Exercise goal >> Quote, word for word, only the lines running from the line with "2 Into 1 Stretched Saddlebags And Fender" through the end of the listing. Leave out the pictures.

Data to examine >>
--- START ---
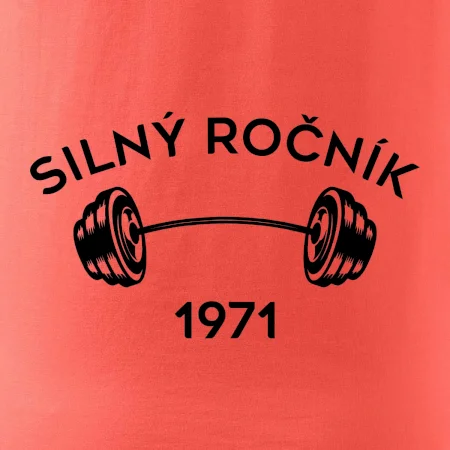 Silný ročník - Letopočet 1971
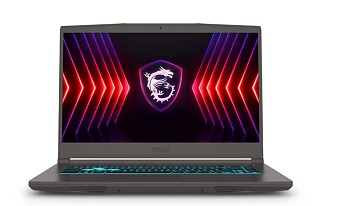 Ноутбук MSI Thin 15 B12VE-2075XRU i5 12450H/16G/1Tb SSD/RTX4050-6G/15.6"FHD/DOS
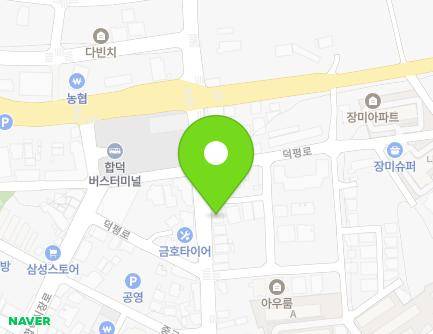 충청남도 당진시 합덕읍 덕평로 566 (현대해상) 지도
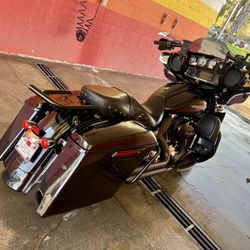 2 Into 1 Stretched Saddlebags And Fender 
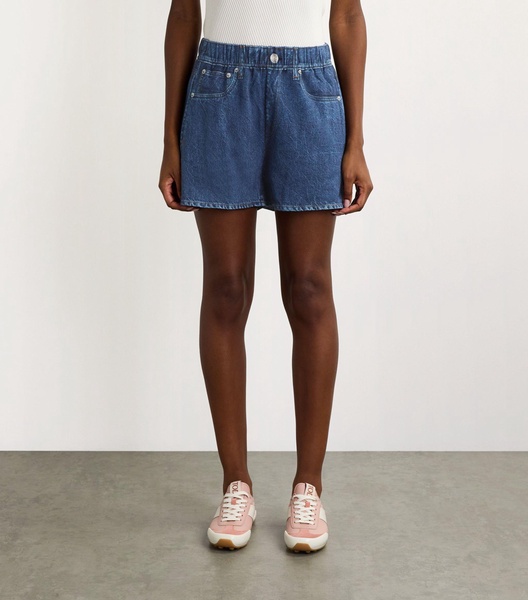 Cotton Miramar Walking Shorts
--- END ---
Output >>
 2 Into 1 Stretched Saddlebags And Fender 
 Cotton Miramar Walking Shorts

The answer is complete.